Bob Colacello
We weren’t willfully self- destructive—we just wanted to stay up as late as we could, dancing, drinking, smoking, snorting, and a couple of other thingsBob Colacello
I may be biased, but Bob Colacello’s Holy Terror: Andy Warhol Close Up ranks high among the best books on 20th-century New York society. It’s a delirious thrill ride of Colacello’s 12 years working alongside Andy Warhol at Interview magazine in the ’70s and early ’80s, a roller coaster of art and parties and hit-and-run magazine deadlines and intimate Upper East Side dining rooms and debauched dance floors populated with celebrities, designers, bohemians, drag queens, restless children of dubious world leaders, handsome clingers-on, and scam artists. And like riding a roller coaster, the response to reading Holy Terror is a mix of laughter and screaming, joy and horror—and there is no stopping until the end. The book is a Janus biography: one of Warhol day-to-day, in his later, money-minded, portrait-painter years, expanding his shaky empire through the cultural stratosphere; the other of a young literary man from Long Island thrown willingly to the gorgeous lions of the Manhattan jet set. Holy Terror was originally published in 1990, three years after Warhol’s death, and it is finally receiving its much deserved second life with a brand-new republication this month by Vintage Books. Colacello, now 66, offered a few reminiscences about his insider view of a world and a man so often thought of as existing only as a surface.
CHRISTOPHER BOLLEN: You started working at Interview almost by chance and ended up becoming the editor of the magazine for more than a decade. Was there something about the magazine—or that specific time and place of magazines in culture—that was so vital and alive?
BOB COLACELLO: Interview was the perfect title and concept for the 1970s, a time of great social mobility following the cultural and sexual revolutions of the previous decade. Everything seemed so new and fresh and open, and Interview could go with the flow, as we had no obligatory content, only the Q&A format to fill in as we wished. So we interviewed directors, designers, political figures, rock stars, actors, artists, writers, American socialites, titled Europeans, Latin playboys, you name it.
BOLLEN: Holy Terror is packed with stories of working on the magazine with Andy and the team.

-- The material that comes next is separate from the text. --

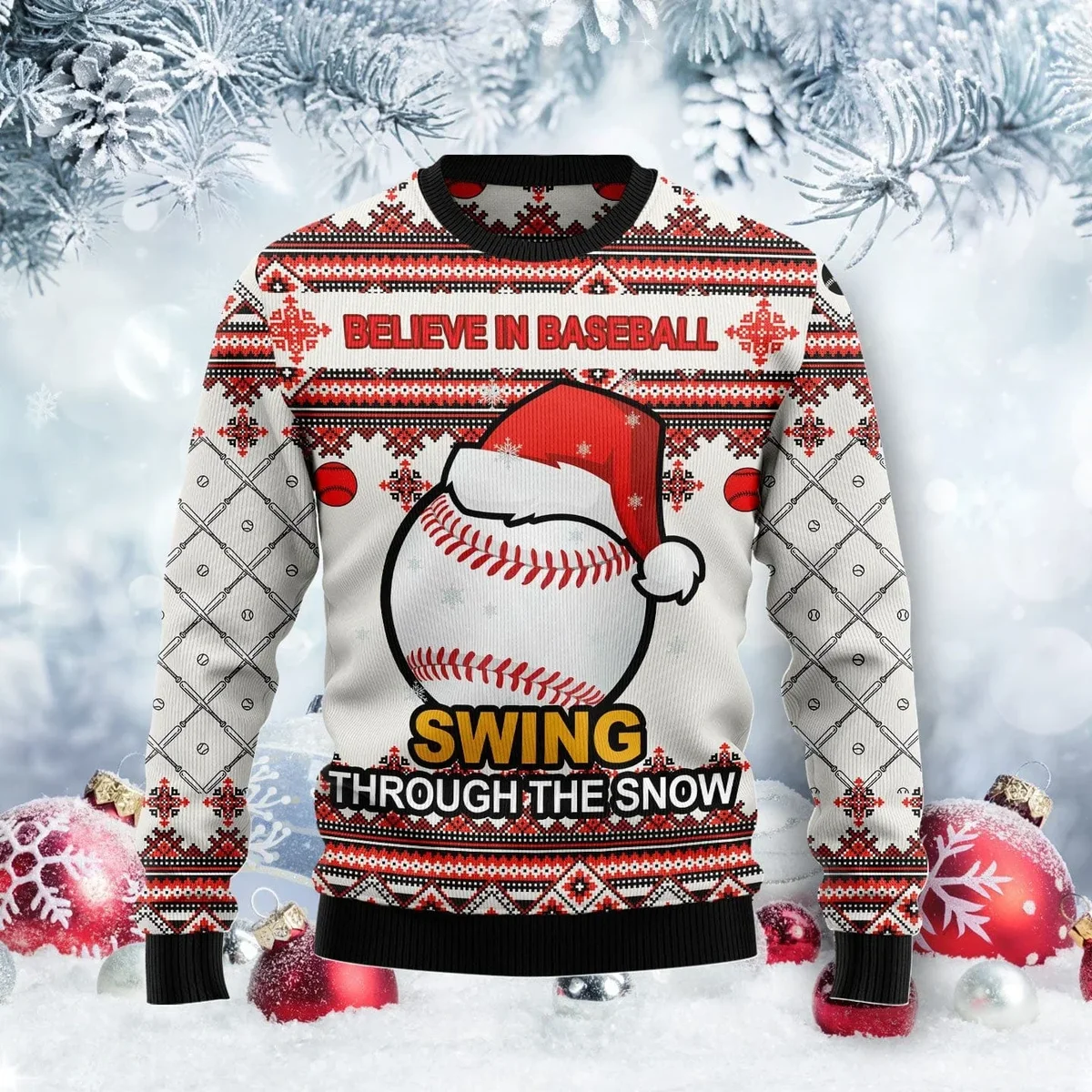 Baseball Swing Through Snow Ugly Christmas Sweater Xmas Outfit Baseball Lovers Gifts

Is there one interview story that stands out as aere perennius in your mind?
COLACELLO: Going to the White House with Bianca Jagger in 1975 to interview Jack Ford, the hunky 23-year-old son of Gerald and Betty Ford, was a trip. Somehow we ended up doing the pictures in the Lincoln Bedroom, with Bianca wearing a Giorgio di Sant’ Angelo rhinestone-studded black Lycra cocktail dress. I don’t remember whose idea it was for her to climb into the Lincoln Bed—it sort of just happened naturally.

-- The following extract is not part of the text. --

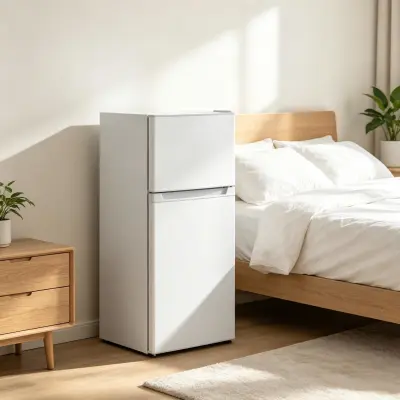 Upright Fridge,Compact Two-Compartment Refrigerator,Mini Fridge with Separate Freezer and Refrigerator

BOLLEN: There was clearly a work hard, play hard approach to your days and nights at Interview. You were burning the candle at both ends. Was it tough to find a sense of balance working at a magazine that encompassed so many competitive social worlds?

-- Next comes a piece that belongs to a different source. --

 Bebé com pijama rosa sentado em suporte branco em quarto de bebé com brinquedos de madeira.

COLACELLO: Yes, we were burning the candle at both ends, and even in the middle. But we weren’t willfully self destructive—we just wanted to stay up as late as we could, dancing, drinking, smoking, snorting, and a couple of other things. Balance wasn’t a popular word in the ’70s. Inclusive was not a word you heard much either. Exclusive was. Elite was too. But it was a new kind of exclusivity and elitism, based less on genealogy and wealth, and more on glamour and style. This was the moment when fashion designers became the social equals of the rich women they dressed—maybe even their superiors. Yves, Halston, Oscar, Bill Blass, and Valentino lived and entertained as extravagantly any Rockefeller, Rothschild, or Agnelli. Diana Vreeland was “the Empress,” the avatar of the age. An old name or old money were not enough to get you into Studio 54—or Interview magazine, for that matter. You had to have a lot of something else, like looks or brains or wit or fabulous clothes. Money mattered—when hasn’t it? But it better be cool, because tacky was a popular word back then, too. I know this sounds snobbish, but political correctness hadn’t reared its dreary head yet, putting everyone into victim boxes and banishing discernment, high standards, and fun. We live in the newly named Common Era now, and the land of the lowest common denominator.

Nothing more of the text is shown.